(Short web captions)
--- START ---
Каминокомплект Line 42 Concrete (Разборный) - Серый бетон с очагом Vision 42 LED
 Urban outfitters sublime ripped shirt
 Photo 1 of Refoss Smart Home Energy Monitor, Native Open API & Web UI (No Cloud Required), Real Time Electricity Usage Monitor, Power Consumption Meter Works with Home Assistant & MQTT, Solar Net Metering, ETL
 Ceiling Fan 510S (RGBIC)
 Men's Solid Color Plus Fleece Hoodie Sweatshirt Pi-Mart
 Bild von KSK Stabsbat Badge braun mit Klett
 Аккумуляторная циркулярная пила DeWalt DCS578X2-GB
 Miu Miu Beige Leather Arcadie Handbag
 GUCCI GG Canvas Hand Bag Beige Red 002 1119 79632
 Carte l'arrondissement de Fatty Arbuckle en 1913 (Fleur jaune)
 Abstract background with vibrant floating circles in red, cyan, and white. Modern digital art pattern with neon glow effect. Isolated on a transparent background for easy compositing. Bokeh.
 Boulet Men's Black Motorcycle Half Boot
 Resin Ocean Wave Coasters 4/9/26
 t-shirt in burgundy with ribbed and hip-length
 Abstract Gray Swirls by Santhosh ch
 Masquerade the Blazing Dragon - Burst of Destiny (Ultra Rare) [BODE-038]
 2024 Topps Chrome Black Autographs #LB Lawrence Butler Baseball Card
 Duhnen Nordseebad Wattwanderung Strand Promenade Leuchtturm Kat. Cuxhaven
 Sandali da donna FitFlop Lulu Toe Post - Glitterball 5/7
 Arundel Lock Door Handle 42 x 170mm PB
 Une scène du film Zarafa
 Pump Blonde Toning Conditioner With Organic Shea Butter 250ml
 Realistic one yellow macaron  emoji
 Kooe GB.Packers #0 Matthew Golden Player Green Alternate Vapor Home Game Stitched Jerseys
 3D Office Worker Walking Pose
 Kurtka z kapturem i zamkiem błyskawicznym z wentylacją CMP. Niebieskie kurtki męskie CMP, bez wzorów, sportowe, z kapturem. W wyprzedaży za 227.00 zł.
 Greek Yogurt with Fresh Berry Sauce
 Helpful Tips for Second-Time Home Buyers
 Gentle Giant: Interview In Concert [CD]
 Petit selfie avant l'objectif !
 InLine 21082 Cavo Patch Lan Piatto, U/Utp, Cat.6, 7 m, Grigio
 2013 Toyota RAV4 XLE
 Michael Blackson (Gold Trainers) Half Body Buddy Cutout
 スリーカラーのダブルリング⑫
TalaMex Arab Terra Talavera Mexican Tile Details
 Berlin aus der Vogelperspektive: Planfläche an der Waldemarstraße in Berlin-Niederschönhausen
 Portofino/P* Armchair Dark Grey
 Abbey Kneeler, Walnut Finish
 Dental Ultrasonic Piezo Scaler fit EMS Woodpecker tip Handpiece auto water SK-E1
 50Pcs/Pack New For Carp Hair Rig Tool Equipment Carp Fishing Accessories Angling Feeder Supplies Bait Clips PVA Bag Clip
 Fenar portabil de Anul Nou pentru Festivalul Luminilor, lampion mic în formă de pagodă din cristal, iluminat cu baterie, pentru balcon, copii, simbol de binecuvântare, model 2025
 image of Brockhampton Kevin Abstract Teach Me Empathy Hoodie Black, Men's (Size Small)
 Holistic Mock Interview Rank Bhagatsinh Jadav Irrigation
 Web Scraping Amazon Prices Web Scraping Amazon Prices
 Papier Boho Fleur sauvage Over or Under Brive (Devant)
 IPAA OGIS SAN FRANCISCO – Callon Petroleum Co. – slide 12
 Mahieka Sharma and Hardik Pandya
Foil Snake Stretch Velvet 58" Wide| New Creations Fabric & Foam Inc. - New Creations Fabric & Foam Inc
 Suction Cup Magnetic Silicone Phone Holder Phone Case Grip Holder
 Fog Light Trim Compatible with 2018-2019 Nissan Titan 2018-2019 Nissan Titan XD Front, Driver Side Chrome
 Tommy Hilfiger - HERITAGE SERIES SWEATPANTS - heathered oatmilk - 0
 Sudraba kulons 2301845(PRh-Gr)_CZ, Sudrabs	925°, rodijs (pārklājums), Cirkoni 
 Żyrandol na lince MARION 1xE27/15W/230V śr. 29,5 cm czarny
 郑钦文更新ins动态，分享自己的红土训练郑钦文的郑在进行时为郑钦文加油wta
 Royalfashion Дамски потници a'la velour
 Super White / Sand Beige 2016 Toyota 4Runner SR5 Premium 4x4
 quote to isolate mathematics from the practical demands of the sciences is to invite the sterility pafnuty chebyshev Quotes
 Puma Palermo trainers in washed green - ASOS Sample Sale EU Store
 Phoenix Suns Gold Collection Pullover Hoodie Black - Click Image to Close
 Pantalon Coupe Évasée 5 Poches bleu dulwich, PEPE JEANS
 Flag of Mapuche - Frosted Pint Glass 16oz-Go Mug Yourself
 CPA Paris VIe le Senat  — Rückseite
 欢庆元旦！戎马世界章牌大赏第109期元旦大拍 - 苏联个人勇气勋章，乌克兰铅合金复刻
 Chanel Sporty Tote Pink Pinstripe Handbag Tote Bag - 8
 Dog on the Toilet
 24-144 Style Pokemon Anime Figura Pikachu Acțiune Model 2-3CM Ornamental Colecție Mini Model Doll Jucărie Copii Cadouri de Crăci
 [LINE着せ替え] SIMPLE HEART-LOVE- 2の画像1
--- END ---
Copy every line of the records above, starting with the first, up to and including the line containing "2024 Topps Chrome".

Каминокомплект Line 42 Concrete (Разборный) - Серый бетон с очагом Vision 42 LED
 Urban outfitters sublime ripped shirt
 Photo 1 of Refoss Smart Home Energy Monitor, Native Open API & Web UI (No Cloud Required), Real Time Electricity Usage Monitor, Power Consumption Meter Works with Home Assistant & MQTT, Solar Net Metering, ETL
 Ceiling Fan 510S (RGBIC)
 Men's Solid Color Plus Fleece Hoodie Sweatshirt Pi-Mart
 Bild von KSK Stabsbat Badge braun mit Klett
 Аккумуляторная циркулярная пила DeWalt DCS578X2-GB
 Miu Miu Beige Leather Arcadie Handbag
 GUCCI GG Canvas Hand Bag Beige Red 002 1119 79632
 Carte l'arrondissement de Fatty Arbuckle en 1913 (Fleur jaune)
 Abstract background with vibrant floating circles in red, cyan, and white. Modern digital art pattern with neon glow effect. Isolated on a transparent background for easy compositing. Bokeh.
 Boulet Men's Black Motorcycle Half Boot
 Resin Ocean Wave Coasters 4/9/26
 t-shirt in burgundy with ribbed and hip-length
 Abstract Gray Swirls by Santhosh ch
 Masquerade the Blazing Dragon - Burst of Destiny (Ultra Rare) [BODE-038]
 2024 Topps Chrome Black Autographs #LB Lawrence Butler Baseball Card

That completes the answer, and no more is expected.